It was doing whatever God wanted. It was not limited by our present laws. The speed of God's will is not fixed, but depends on many things. Some say that, after death, they saw a great light, but it was not a burning light, the sort that hurts the eyes.
So you don't have any data at all. Mkay.
And the meaning of infinity is beyond present description.
Wrong - I've already given you its meaning. It is the behaviour of 1/x as x approaches 0. It is the size of the set of all numbers.
The fish was B. The loaves were A. We are not told the details. But, after all was said and done, there were 12 baskets full that were uneaten, left over. Let us say that there were 100 loaves, and 15 fish in each basket. That means we fed 20,000 people with 5 loaves and I think it was 2 fishes, and had about 1200 loaves, and 180 fish left over!!
Well, we took about 21,200 a's from the 5 a's in the above example. And what was left was not )!!! It was 12 baskets full of leftovers. So, there is a higher math.
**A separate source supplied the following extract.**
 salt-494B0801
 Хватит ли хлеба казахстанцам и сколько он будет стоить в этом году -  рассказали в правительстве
No. If you remove or eat some fish, and then it turns out that there are more, then those more must have been added. That's fine.
Dad, how much change do you give for a 2.95 item when given $5? "It depends?"
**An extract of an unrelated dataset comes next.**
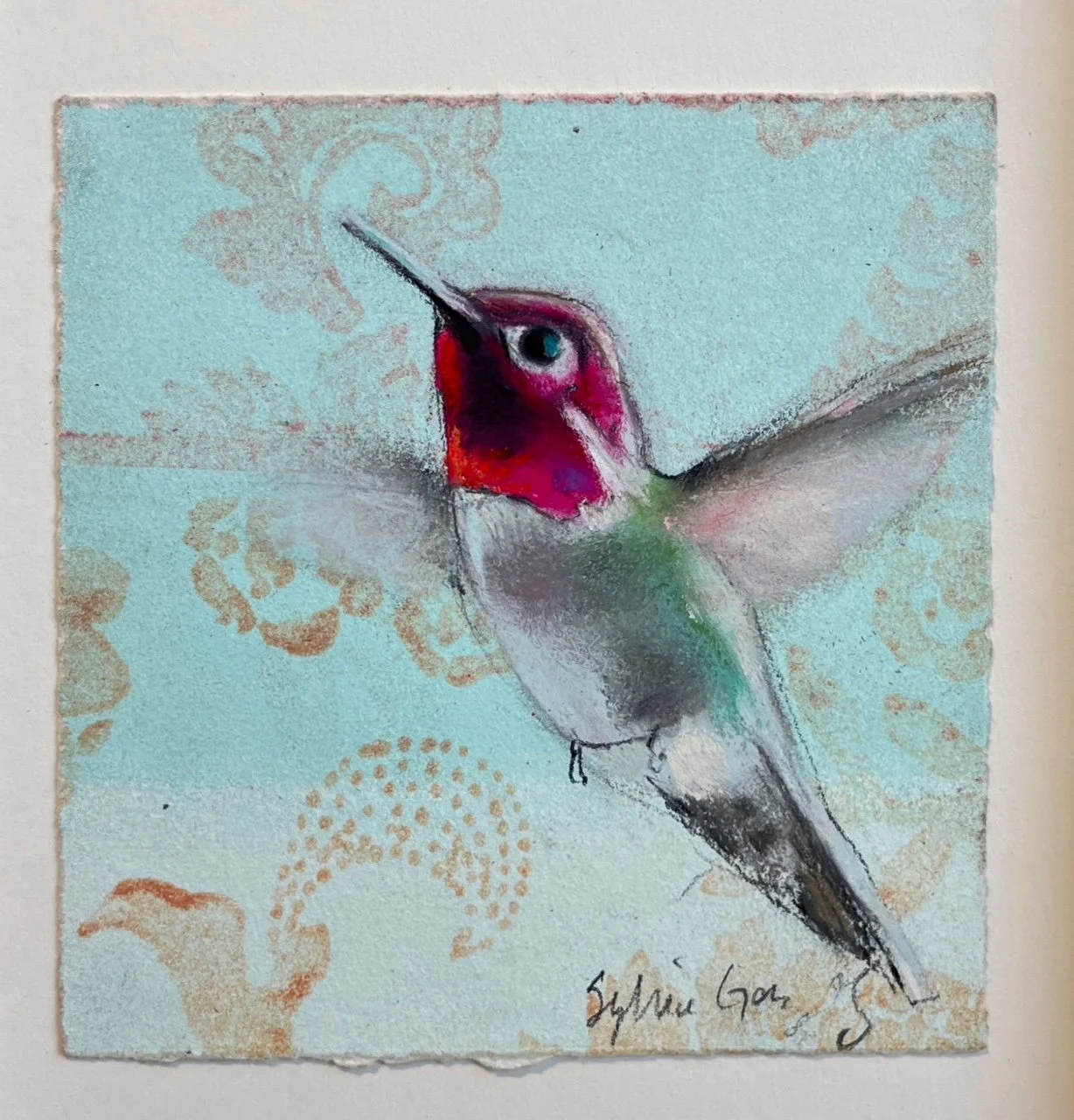 Anna's Hummingbird 1 by Sylvia Gonzalez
The fundamental that what exists in this temporary state is all there is or was, or will be.
That isn't a fundamental of mathematics.
Well, maybe if we bend and contort a number in the box, it seems like it equals any number. But, 2 does not really = 12. Well, show us the number for infinity that leaves 1 as 0.
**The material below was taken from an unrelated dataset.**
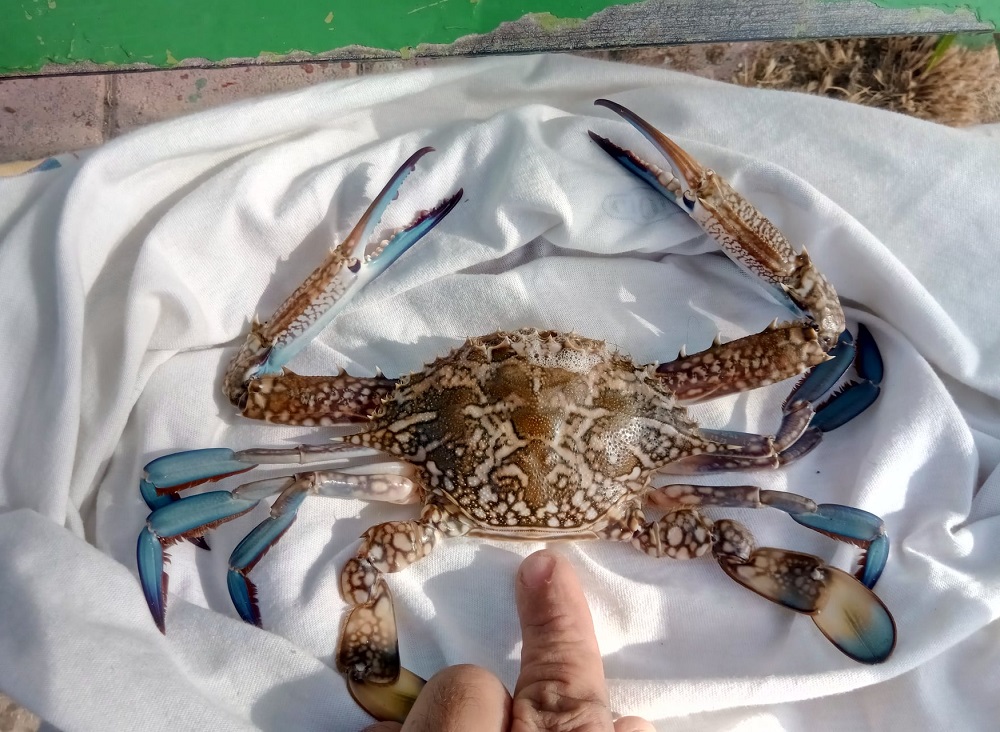 How invasive fish arrive in Malta crab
Assume infinity is a number. Add one to infinity:
infinity + 1 = infinity.
Now, infinity is a number, by our assumption, so it must have an
additive inverse. That's a fundamental property of all real numbers. (If you think it isn't, you're wrong. It is. By definition.) So we add this, representing it by -infinity:
infinity + (-infinity) + 1 = infinity + (-infinity)
Now, the additive inverse
by definition is that number which, when added to the number of which it is an inverse, makes zero. So infinity + (-infinity) = 0:
0 + 1 = 0
1 = 0.
So, if you suppose that infinity is a real number, and if you accept the fundamental properties of real numbers, then 1 = 0. Of course, if you add
any other number, 'x' you can prove in exactly the same way that x = 0. You could even do that with infinity, proving infinity = 0!
That, dad, is the problem with treating infinity like a real number.
You did, when you said that my claim, "infinity is not a number because mathematicians have defined it to be something else" is an argument from popularity. Which is wrong, it's an argument from definition.
Why, am I talking to the person that thinks he does???
I know I do and I have demonstrated, not only that I do, but that you don't.
When a university decides to progress from baby math that only includes this temporal state, why, we might talk. Meanwhile, if I want answers, that is the last place I would look.
No, I'm suggesting you go tell them the answers, seeing as how you apparently know so much!
Just expect to actually give some proofs and and so on. Not that that should be hard for someone who likes higher maths!